There is, I discover, a danger with this form of research. My consultant is the sort of breezy doctor who likes to flit through an orthopaedic ward giving good news and encouraging prognosises. (Prognosisi?). He told me on day one, that I would likely be looking at wearing my frame for three months. I haven't been told any other potential date for parole, so am clinging onto mid-October as the date when my life will begin again. The web, however, tells me that the average time for wearing an Ilizarov frame is 16 months. Equally, I am still hobbling along on my crutches, dreading stairs, and hurting a good deal if I go any further than the kitchen. There are pictures on the web of people wearing these frames playing cricket for God's sake. I couldn't even do that before I broke my leg. So, the lesson is that either my doctor should be telling me more, or I should be researching less. Which is unlikely when you've got time on your hands, and you're spending your day two feet away from an intriguing looking science experiment below your knee...

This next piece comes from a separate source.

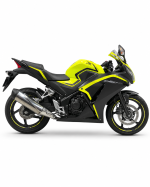 Honda CBR300R - تصویر 8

So. Things I've found out.

1. An important complication to watch out for is compartment syndrome. This is a condition when the muscular compartments of your limb swell out of control, and can lead to the extremity going a pretty colour and falling off. Alternatively, according to the web, 'compartment syndrome has been defined as an elevation of the interstitial pressure in a closed osteofascial compartment resulting in microvascular compromise'. You see? I had/have compartment syndrome. It's why there are two cuts on my calf, and why I still appear to be borrowing my lower leg from an Austrian body builder, while the rest of my lower limbs are still of the fashionable skinny Englishman variety. I can already vouch for the fact that it hurts a lot. Good to see it clarified on the great web guru though. I couldn't discover online just how my leg planned to set about deflating. I guess I'll have to ask my doctor that one.

2. Ilizarov frames were invented by a Russian doctor after he became disenchanted with the number of limbs he was being forced to amputate. He alledgedly experimented with bicycle spokes. Devotees think they are an elegant and reliable solution to diffficult fractures. Dr Roger Atkins of the Bristol Royal Infirmary also points out that they don't cause the same infuriating itching that plaster casts do. I wonder if Dr Atkins would prefer an itch himself, or to nail 6kg of metal to his calf. Twat.

3. People often elect to have these frames fitted. Why?

4. Fasciotomies are cuts made through the muscle compartment walls in order to allow room for swelling. For a week, I could have seen my own calf muscles if the killjoys at St. George's hadn't have kept my leg dressed. Still, if you look closely enough at the above photo, you can still get a good idea... Mine are now covered by split skin grafts. Some hospitals wait for your limb to deflate, then close these wounds. I don't know what the plastic Drs at George's have planned, as they are institutionally reclusive. Odd really. If I were a plastic surgeon, I would give myself devastatingly good looks, then party. Is it possible to give yourself a nose job? I couldn't find this out on Google.

5. The scar on my forehead should fade, especially if I apply vitamin E cream. This was a titbit that was also imparted my the company manager at work. I have been using Sarah's stretch mark cream. Plastic surgery can offer little for a scar like mine. I just have to frown a lot in order to make my wrinkles fit in...

6. They put frames on pet dogs. We presume in America.